● INPUT RECORDS:
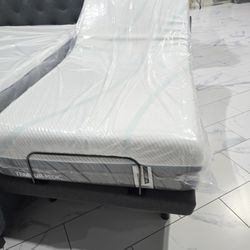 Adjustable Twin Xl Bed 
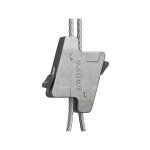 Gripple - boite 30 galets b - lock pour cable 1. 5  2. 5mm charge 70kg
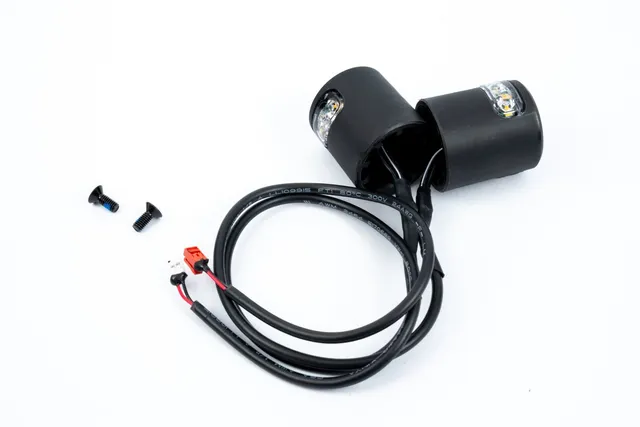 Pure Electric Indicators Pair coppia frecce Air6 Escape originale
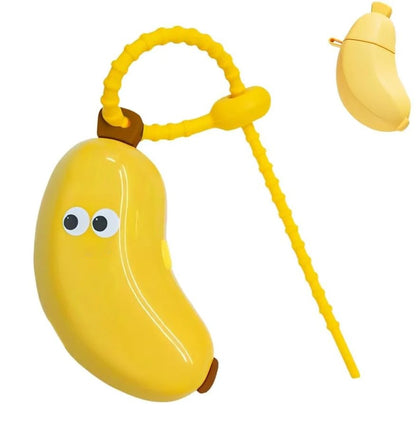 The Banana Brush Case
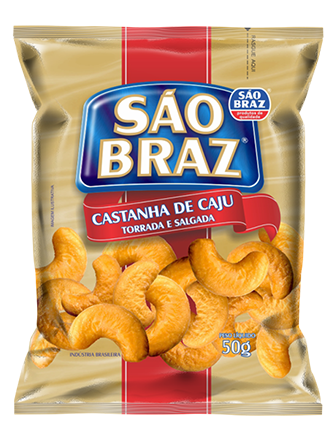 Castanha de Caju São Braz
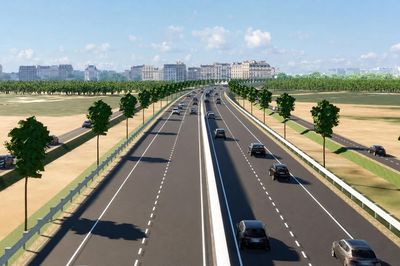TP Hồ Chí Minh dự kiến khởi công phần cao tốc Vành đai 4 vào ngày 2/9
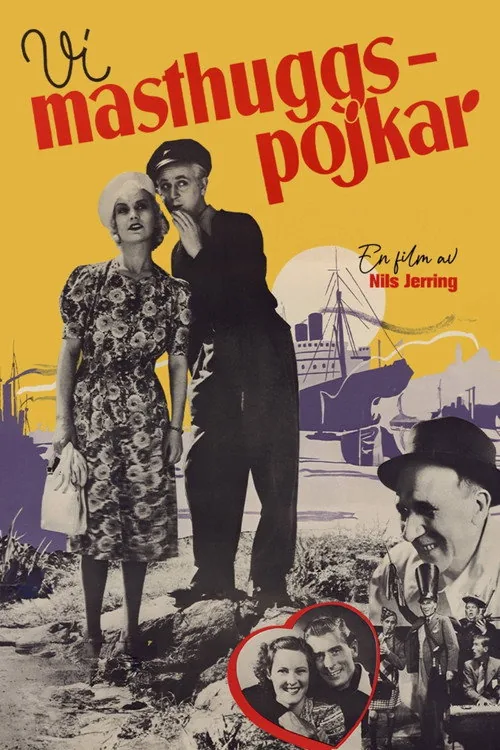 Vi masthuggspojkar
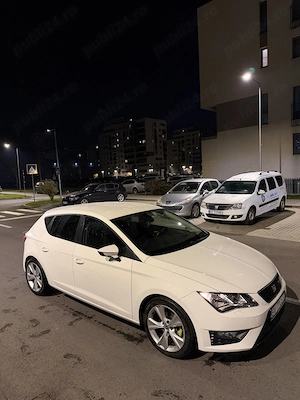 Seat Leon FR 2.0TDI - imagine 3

---

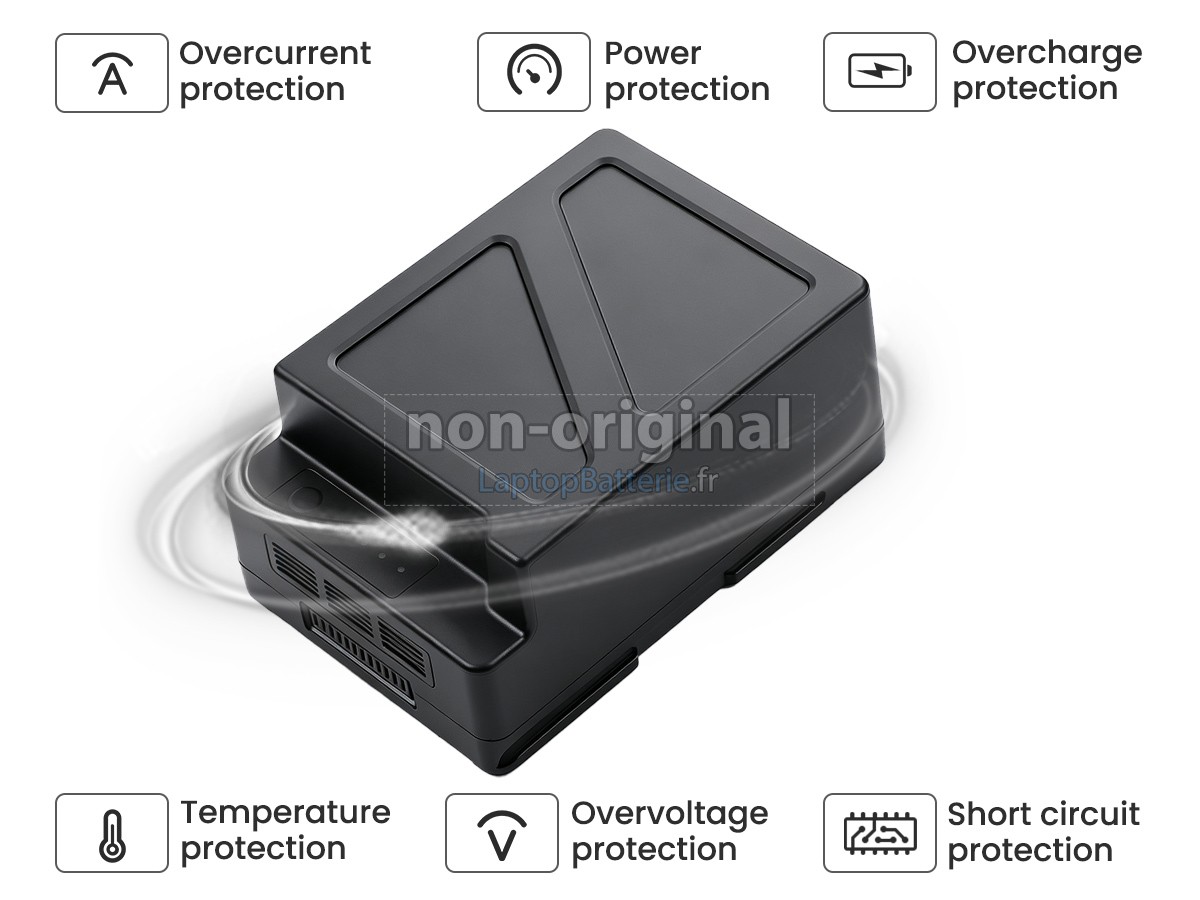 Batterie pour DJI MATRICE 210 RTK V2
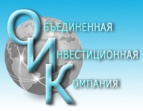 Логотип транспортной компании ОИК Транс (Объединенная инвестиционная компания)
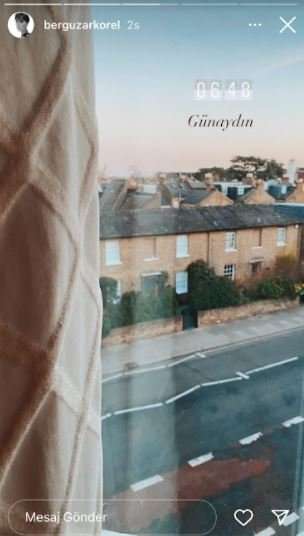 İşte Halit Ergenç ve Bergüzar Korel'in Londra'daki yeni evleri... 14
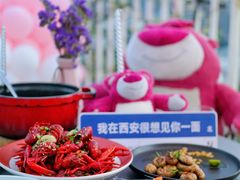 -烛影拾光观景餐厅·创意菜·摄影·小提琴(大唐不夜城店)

● REQUIRED WORK:
Every line above between the one containing "The Banana Brush Case" and the one containing "Seat Leon FR 2.0TDI - imagine 3", those two included, is to be printed exactly. No pictures go into the copy.

● RESULT OF THE TASK:
 The Banana Brush Case
 Castanha de Caju São Braz
TP Hồ Chí Minh dự kiến khởi công phần cao tốc Vành đai 4 vào ngày 2/9
 Vi masthuggspojkar
 Seat Leon FR 2.0TDI - imagine 3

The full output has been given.